• _Task directions_: The first line of the listing opens the range and the line with "Charlo's Cloth Napkins" closes it; repeat those lines and all between them word for word, leaving out the pictures.

• _Input data_:
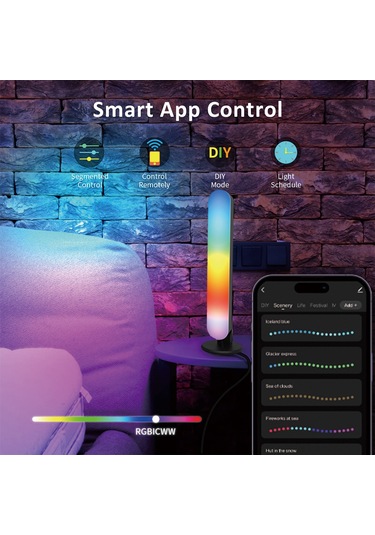 Geeroyoo Rgb Led Müzik Ritmi Işıklı Lambalar, Bluetooth+2.4g Kontrol, Akıllı Wi-fi Desteği, Oyun Ve Ev Dekoru İçin Çift Paket Renkli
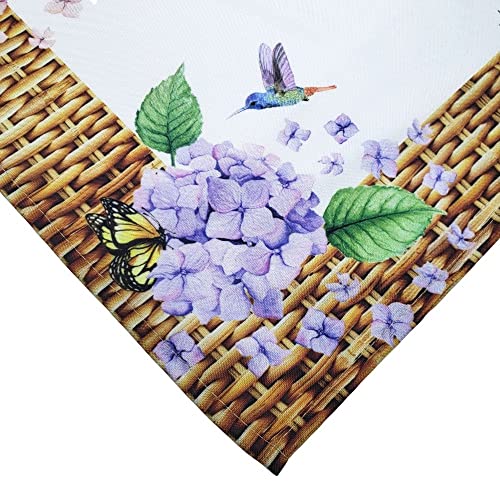 Charlo's Cloth Napkins Set of 4 Hydrangeas Flower Bird 16" by 16" - Lilac - Loft&Timber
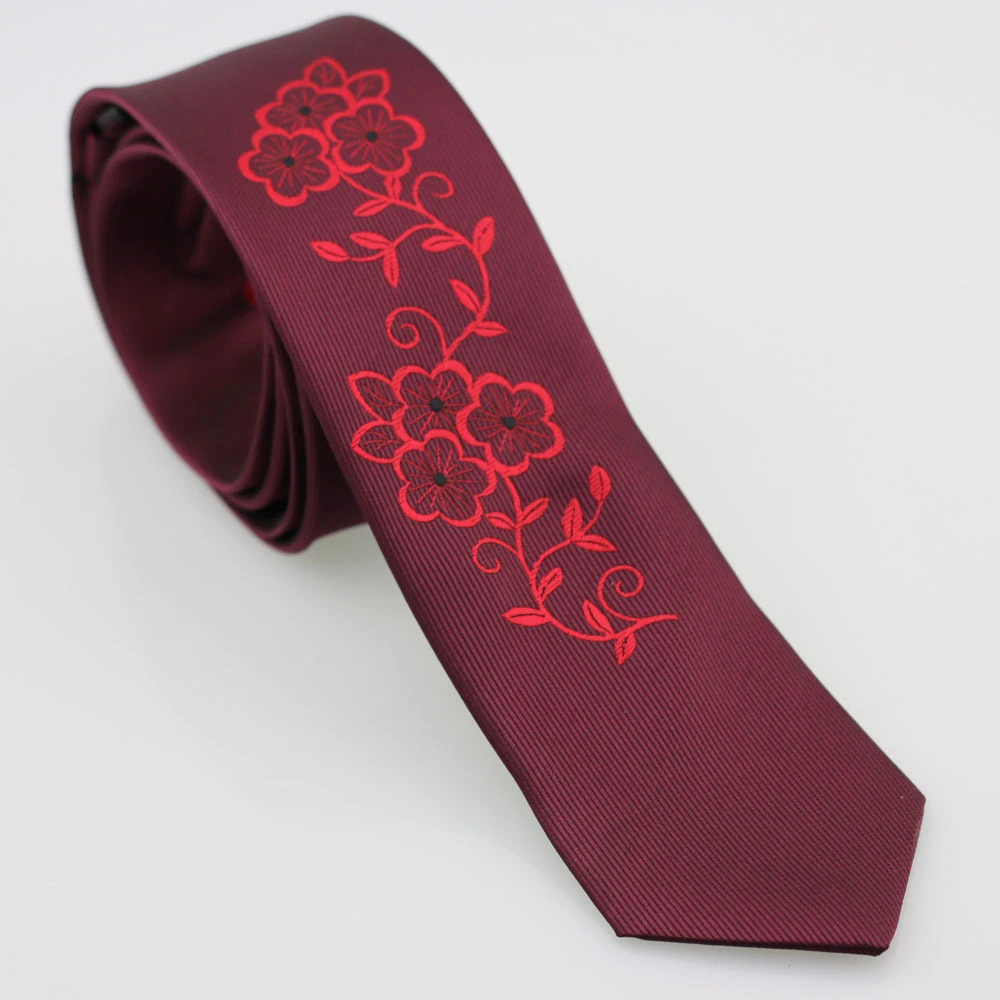 YIBEI – cravate à fleurs rouge pour homme et femme, cravate moulante tissée  à la main, couleur bordeaux | AliExpress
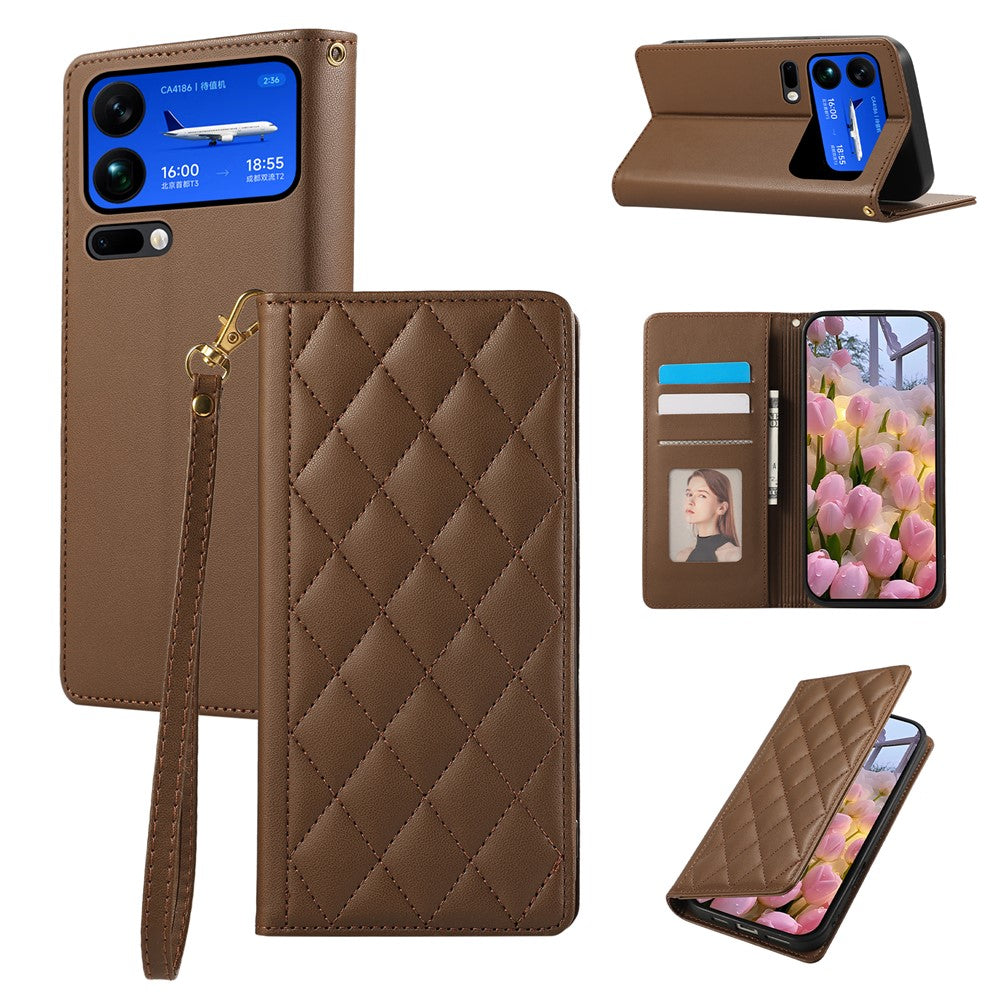 For Xiaomi 17 Pro Max Case RFID Blocking Wallet Stand Rhombus Leather Phone Cover with Wrist Strap - Brown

• _Answer section_:
 Geeroyoo Rgb Led Müzik Ritmi Işıklı Lambalar, Bluetooth+2.4g Kontrol, Akıllı Wi-fi Desteği, Oyun Ve Ev Dekoru İçin Çift Paket Renkli
 Charlo's Cloth Napkins Set of 4 Hydrangeas Flower Bird 16" by 16" - Lilac - Loft&Timber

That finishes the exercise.